Ein furzendes Katerchen

Frösche im Wohnzimmer…

… und eine Amsel im Bad
Eines morgens saß eine junge, noch flugunfähige Amsel auf dem Rasen unseres Gartens. Es sah so aus, als wäre das  arme Amselkind mutterlos. Meine Mutter erbarmte sich seiner, nahm es mit ins Haus und setzte es auf den Handtuchhalter in unserem zweiten, nicht sehr oft benutzten Badezimmer. Was tun mit dem gefiederten kleinen Wesen? Es piepste anhaltend jämmerlich nach seiner Mutter und nach Nahrung, während es uns nach Amselart misstrauisch beäugte.
Irgendetwas musste es zu Essen bekommen. Da wir nicht die geringste Lust hatten, den Boden im Garten nach Regenwürmern für unseren kleinen Gast zu durchsuchen und es auch nicht übers Herz brachten, ihn verhungern zu lassen, ging meine Mutter zum Metzger und kaufte Gehacktes. Dieses verfütterten wir nun dem kleinen Vogel in regelmäßigen Abständen mit Hilfe einer Pinzette. Wir hätten ihn dauernd füttern können, denn er hatte ständig Hunger. Er fraß unglaubliche Mengen Fleisch und sonderte auch genauso viel ab. Binnen Kurzem roch das Badezimmer nicht mehr wie ein Badezimmer, sondern eher wie eine Galappagosinsel, nach Guano.

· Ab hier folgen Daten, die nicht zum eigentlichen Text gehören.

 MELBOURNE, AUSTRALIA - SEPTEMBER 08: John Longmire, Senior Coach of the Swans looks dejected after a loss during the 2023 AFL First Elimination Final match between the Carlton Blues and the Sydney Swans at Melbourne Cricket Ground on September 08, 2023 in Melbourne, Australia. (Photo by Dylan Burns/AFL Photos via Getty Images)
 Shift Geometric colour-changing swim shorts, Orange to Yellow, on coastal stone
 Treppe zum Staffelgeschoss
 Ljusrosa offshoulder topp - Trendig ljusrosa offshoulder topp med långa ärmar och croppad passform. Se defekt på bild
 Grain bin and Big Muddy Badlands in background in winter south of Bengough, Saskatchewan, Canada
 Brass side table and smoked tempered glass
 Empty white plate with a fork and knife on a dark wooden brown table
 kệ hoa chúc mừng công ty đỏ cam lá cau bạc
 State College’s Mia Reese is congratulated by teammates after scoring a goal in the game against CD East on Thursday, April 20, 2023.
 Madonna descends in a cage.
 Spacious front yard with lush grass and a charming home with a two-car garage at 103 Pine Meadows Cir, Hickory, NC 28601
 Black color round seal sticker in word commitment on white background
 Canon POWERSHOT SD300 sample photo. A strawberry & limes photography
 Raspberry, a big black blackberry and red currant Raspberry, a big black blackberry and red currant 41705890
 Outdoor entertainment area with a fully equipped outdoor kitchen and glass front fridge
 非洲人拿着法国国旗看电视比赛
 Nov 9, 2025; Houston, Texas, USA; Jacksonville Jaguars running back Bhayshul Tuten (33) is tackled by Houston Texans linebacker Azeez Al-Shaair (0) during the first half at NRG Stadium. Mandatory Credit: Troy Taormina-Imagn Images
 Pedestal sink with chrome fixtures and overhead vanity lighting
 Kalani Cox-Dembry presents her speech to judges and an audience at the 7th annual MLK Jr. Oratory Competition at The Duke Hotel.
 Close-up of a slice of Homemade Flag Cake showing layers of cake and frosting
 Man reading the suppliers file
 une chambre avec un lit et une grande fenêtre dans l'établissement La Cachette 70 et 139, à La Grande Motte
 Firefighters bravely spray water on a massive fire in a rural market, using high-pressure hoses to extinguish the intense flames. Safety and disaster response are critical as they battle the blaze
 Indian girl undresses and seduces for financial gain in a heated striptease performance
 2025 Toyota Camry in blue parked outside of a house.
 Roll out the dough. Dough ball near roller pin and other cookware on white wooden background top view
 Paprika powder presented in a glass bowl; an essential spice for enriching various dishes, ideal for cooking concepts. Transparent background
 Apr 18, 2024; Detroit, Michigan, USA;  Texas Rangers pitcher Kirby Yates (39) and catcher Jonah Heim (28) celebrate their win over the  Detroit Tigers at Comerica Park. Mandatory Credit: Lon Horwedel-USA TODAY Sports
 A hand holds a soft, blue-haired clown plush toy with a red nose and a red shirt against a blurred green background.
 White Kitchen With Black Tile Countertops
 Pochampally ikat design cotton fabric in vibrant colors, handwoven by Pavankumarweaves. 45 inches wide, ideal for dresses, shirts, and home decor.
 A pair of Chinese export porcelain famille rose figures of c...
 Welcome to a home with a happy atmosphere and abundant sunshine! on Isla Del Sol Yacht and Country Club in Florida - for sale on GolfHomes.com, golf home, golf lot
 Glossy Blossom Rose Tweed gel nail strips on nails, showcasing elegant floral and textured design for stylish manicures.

Es stank grauslich. Meine Mutter und ich mussten nicht nur ständig füttern, nein, wir mussten auch ständig die Hinterlassenschaft des Vogels beseitigen, was sich auf die Dauer als ziemlich anstrengend herausstellte. Was tut man nicht alles für einen aus dem Nest gefallenes Vogelbaby?
Dieser Zustand dauerte mehrere Wochen. Der Vogel fraß, fraß und fraß, ohne sich merklich zu einem Vogelhalbstarken zu entwickeln und Anstalten zu machen seine schon gut entwickelten Flügel zu benutzen. Stattdessen begann er plötzlich zu mickern, ließ kränklich den Kopf hängen und kniff traurig seine Augen zu. Sein Appetit blieb ihm jedoch erhalten. Was tun? Nichts als weiterfüttern, denn es gab weit und breit keine Tierärzte, die sich für aus dem Nest gefallene Amseln interessierten.
Die Angelegenheit war zu einem nicht zu unterschätzendem Problem geworden, was sich allerdings eines Morgens von selbst gelöst hatte. Der Vogel war in der Nacht tot vom Handtuchhalter gefallen und wurde von meiner ziemlich unprätentiösen Mutter, die nicht lange fackelte, in die Abfalltonne entsorgt.
Im Sommer des gleichen Jahres beschäftigte mich ein anderes tierisches Phänomen auf ganz andere Weise. Die doppelflügelige Glastür vom Wohnzimmer zum Garten war täglich den ganzen Sommer über geöffnet und wurde nur zur Nacht geschlossen, was gelegentlich auch zu meinen Aufgaben gehörte. Bevor ich also die beiden Türen schloss, fiel mein Blick auf die der Türen gegenüber liegenden Wand. Dort befand sich unterhalb der Tapetenleiste etwas Seltsames auf dem Teppich. Ich konnte es in der Dämmerung nicht genau erkennen, es schien jedoch lang und schmal zu sein. Als ich mich auf meine Knie begab und es neugierig betrachtete, sah ich, dass dieses lange, schattenähnliche Etwas aus lauter kleinen Einzelwesen bestand. Da saßen dicht an dicht nebeneinander winzige Babyfrösche, mit dem Kopf zur Wand.
Da ich sie dort schlecht sitzen lassen konnte, nahm ich sie einen nach dem anderen und trug sie zurück in den Garten. Am nächsten Tag jedoch saßen sie wieder an der gleichen Stelle. Zunächst kostete es mich einige Überwindung die Frösche in meine Hand zu nehmen, jedoch fühlten sie sich nicht wie vermutet kalt und eklig, sondern erstaunlich warm und trocken an.
Diese Prozedur wiederholte sich jetzt wochenlang jeden Abend, solange bis die Frösche es aufgaben unser Wohnzimmer als Zufluchtsort zu wählen.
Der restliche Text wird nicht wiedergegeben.